A diferencia de otros creadores, que produjeron obras basadas en el encargo, en el ingenio y en emociones de diversa gama, Bruckner incluyó el amor y la devoción, como elementales para decir lo que tenía que decir. Habrá quien perciba su música como la extensión de otros que le enseñaron o que aprendieron de él, tales son los casos de los mencionados Wagner y Mahler, respectivamente. Si en lugar de compositores hubiesen sido océanos, habrían sido contiguos a Bruckner, naturalmente compartiendo corrientes y oleajes, pero cada quien poseyendo una extensión y una profundidad propias.
La sinfonía siete tiene un diseño de emocionante fastuosidad. Es conmovedora, romántica, elocuente. Resplandecen sus frases angelicales desde el trémolo inicial. Alcanza sus mayores intensidades sonoras gracias a un sorpresivo intercambio de motivos. Suele despegar desde la más absoluta discreción y es ahí cuando atrapa la emoción de quien escucha. Evoluciona con sigilo y prudencia, hasta plasmar un cuadro muy diferente. Solamente entonces uno se da cuenta que nunca supimos cómo hemos ido a parar allí. Cada movimiento es, en realidad, una sinfonía en pequeño.
El segundo episodio, no obstante estar acotado como muy solemne y muy lento, refrenda el impacto del Allegro inicial de la obra.
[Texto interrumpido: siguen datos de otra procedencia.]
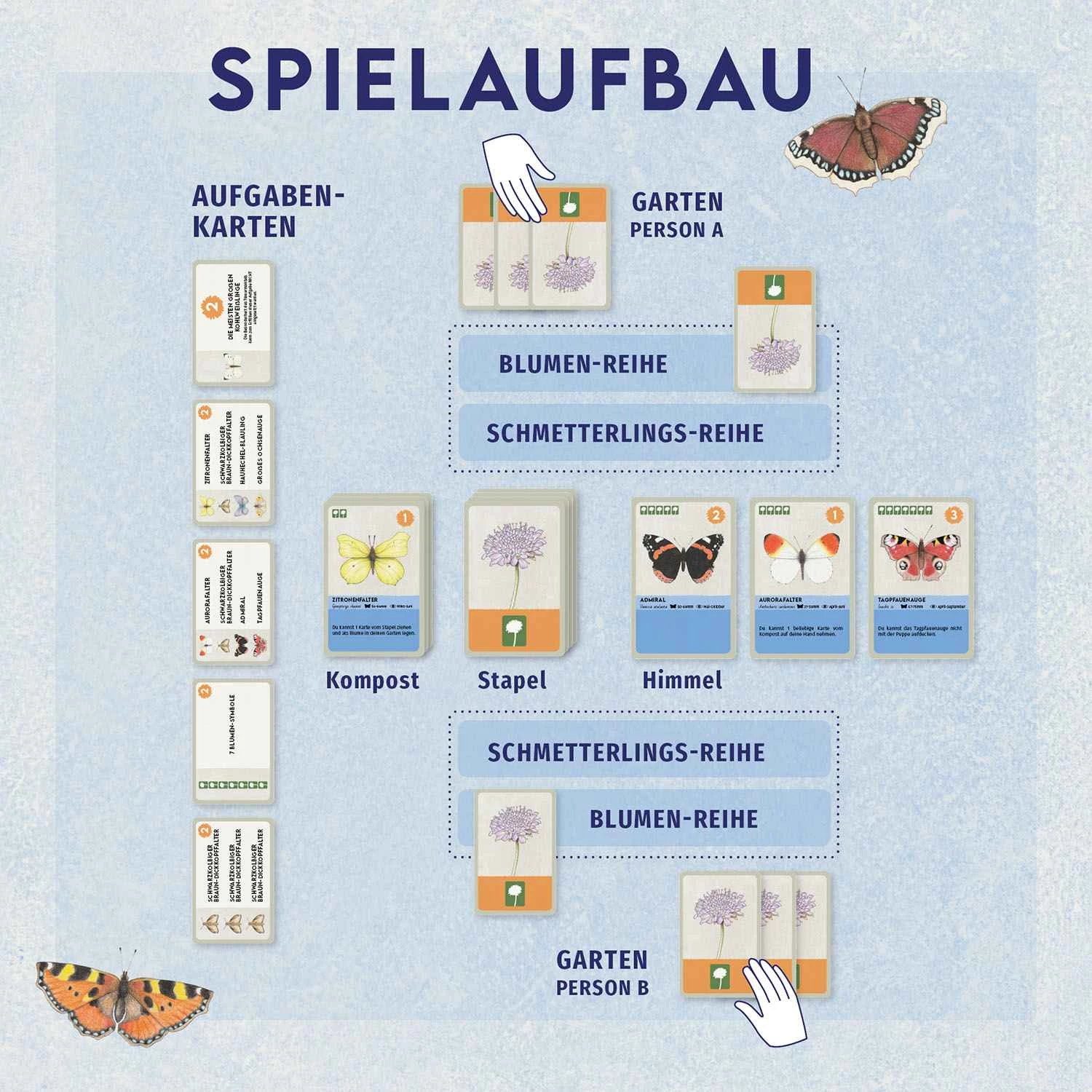 4002051684907 KOSMOS Blütenreich – Kartenspiel für 2 bis 5 Personen 4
Establece un aura de misterio, que no es sino una mirada espiritual al interior de uno. La cuerda, dulce, establece junto a los cornos el significado de tal introspección. Se desarrolla en tenues matices, avanza lentamente –como está prescrito– en su discurso y con toda humildad recibe las estrechas contestaciones de los segundos violines. El crescendo se desarrolla sin aspavientos y de pronto se muestra una plenitud orquestal, en que las notas bellísimas llegan a ser más altas y los acentos más marcados y más enfatizados.
El Scherzo, tercer movimiento, canta con precipitación un danzante hilo de melodías, hasta descifrarse en los tonos más estrepitosos, como el delicado sonido del trueno, hasta concluir los párrafos en sus habituales pausas brucknerianas, equivalentes al punto y coma, por la inminencia de que va a decir algo más. Para el Finale, su cuarto movimiento, el público disfrutando las notables ejecuciones de la orquesta, ya estaba derretido como la gente que no asistió, pero por causas ajenas al sol del mediodía. Buckner llegó y se adueñó del corazón de todos. Puso nudos en -casi- todas las gargantas* y arrancó una intensa ovación de diez minutos, mitad por la perfecta musicalidad del conjunto orquestal, con la magna dirección del maestro Juan Carlos Lomónaco, y mitad por la resuelta admiración a un genio separado de nosotros por el tiempo y la distancia, pero unidos a él en las más altas dimensiones de nuestra naturaleza humana. ¡Bravo!
*Addenda: Quedan exentas, sin temor a equivocación, todas las personas que encienden sus teléfonos celulares, las que cuchichean y los que están pendientes de asuntos ajenos a la experiencia de disfrutar las maravillas entregadas en el grato escenario del Peón Contreras, es decir, los que causan molestias al respetable público. Incluidos además: los que llegan tarde, los que se escapan temprano, los que “oyen” la música en los pasillos, los que ingresan al teatro sin la menor intención de estar allí, demostrando una actitud de escaso o nulo respeto a los demás. Solo Dios sabe –porque quizá ni siquiera ellos lo sepan– qué afán es ese de “ir a la sinfónica” sin ir realmente. Para una conducta tal, hay muchos parques en la ciudad, que pueden servir de esparcimiento más auténtico y acorde a sus intereses.